Compare http://www.unicode.org/cgi-bin/GetUnihanData.pl?codepoint=75F2&useutf8=false and http://www.unicode.org/cgi-bin/GetUnihanData.pl?codepoint=9EBB&useutf8=false .

(And also compare http://www.unicode.org/cgi-bin/GetUnihanData.pl?codepoint=75F3&useutf8=false , which looks similar but has a different pronunciation and meaning. I *think* (but am not sure) that properly, the "hemp/sesame/numb" character should also have not two trees (木, i.e. 林) at the bottom but that the diagonal strokes don't touch the crossing, like the middle portion of 術. ... though I see that 術 is also often written with 木 in the middle. Ah well. At any rate, it seems to make a difference in 痲 vs. 痳 even if it doesn't for 術 or 麻.)

Re: Variant spellings

Date: 2010-05-14 03:01 pm (UTC)
pne: A picture of a plush toy, halfway between a duck and a platypus, with a green body and a yellow bill and feet. (Default)
From: [personal profile] pne
The meanings it gives for 痲 appear to be a degree more "serious", i.e. leprosy/measles rather than just pockmarked, anaesthetised/paralysed rather than just numb.

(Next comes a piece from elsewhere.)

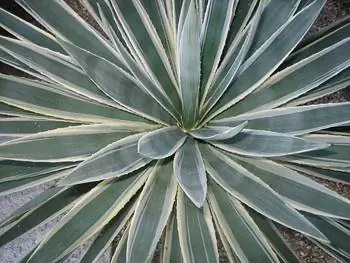 Пустынные растения: кактусы и суккуленты, такие как это здоровое растение, являются основой этого засушливого ландшафта.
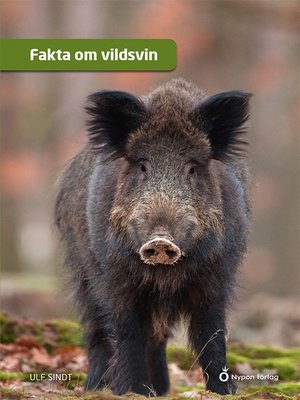 cover image of Fakta om vildsvin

Odd; I thought the "numb" meaning was definitely for 麻, since its meanings include "hemp" and "marijuana".

It's interesting that the CantoDict page includes "痲痺", that the Unicode page for 痲 includes an entry from a Japanese-English dictionary 痲痺 = "paralysis/palsy/numbness/stupor" and that the Unicode page for 麻 includes an entry from a Chinese-English dictionary 使麻痺 = "paralyze".

So it all seems rather confusing which, if either, character is "right" for that meaning.

(this of course doesn't mean that it has never appeared on a menu, particularly since a menu using simplified characters would use 麻 anyway).

Is that what the "痲 / 麻" on the CantoDict page implies?

Odd that the Unicode pages don't map 痲 to 麻 as a simplified form.

I'm confused.

Perhaps using 麻 for everything is easiest.

Re: Variant spellings

Date: 2010-05-14 03:08 pm (UTC)
pne: A picture of a plush toy, halfway between a duck and a platypus, with a green body and a yellow bill and feet. (Default)
From: [personal profile] pne
BTW - thank you for linking to those entries.

And apologies if I came over as trying to have the last word or be right; I'm genuinely confused since I thought I knew what was up based on the sources I had consulted, but it appears it wasn't as cut-and-dried as I had assumed.

So I was mostly thinking out loud rather than trying to prove you wrong or something.

*butts in*

Date: 2010-05-14 11:11 pm (UTC)
pulchritude: (14)
From: [personal profile] pulchritude
There's a good number of Chinese words/phrases that can be written with more than one logogram, and 麻/痳 is one of those. Both can be used to mean 'numb', though 痳 seems to be more often found in 詞. However, my dictionary (1992 version of 新华字典) is telling me that pockmocked can only be represented by 麻.

Also, my dictionary indicates that 麻 is not a simplified version of 痳.

Re: *butts in*

Date: 2010-05-16 07:35 pm (UTC)
pulchritude: (13)
From: [personal profile] pulchritude
The character simplification thing is an Official Government Project, yes, but it's also a project done in more than one stage. There was a stage of simplification done in the 80s that was completely retracted, but some people now still use those logograms...I saw a few the other day, and I was like shit if I saw this irl I'd just stare at it forever and be confused. Plus apparently a few traditional logograms are going to be 'revived' in the next few years, so yeah...:|

Re: *butts in*

Date: 2012-02-03 02:04 pm (UTC)
thatlitgirl: Cameo of a black-bound notebook with pages stuffed in and a ribbon streaming out as a placeholder. (Default)
From: [personal profile] thatlitgirl
This reminds me of learning 狡猾/狡滑 in primary school, and the frustrated teachers telling us to use the older form, since the second way of writing it might be considered non-standard. Hence, I always write it 狡猾 although the textbook used 滑。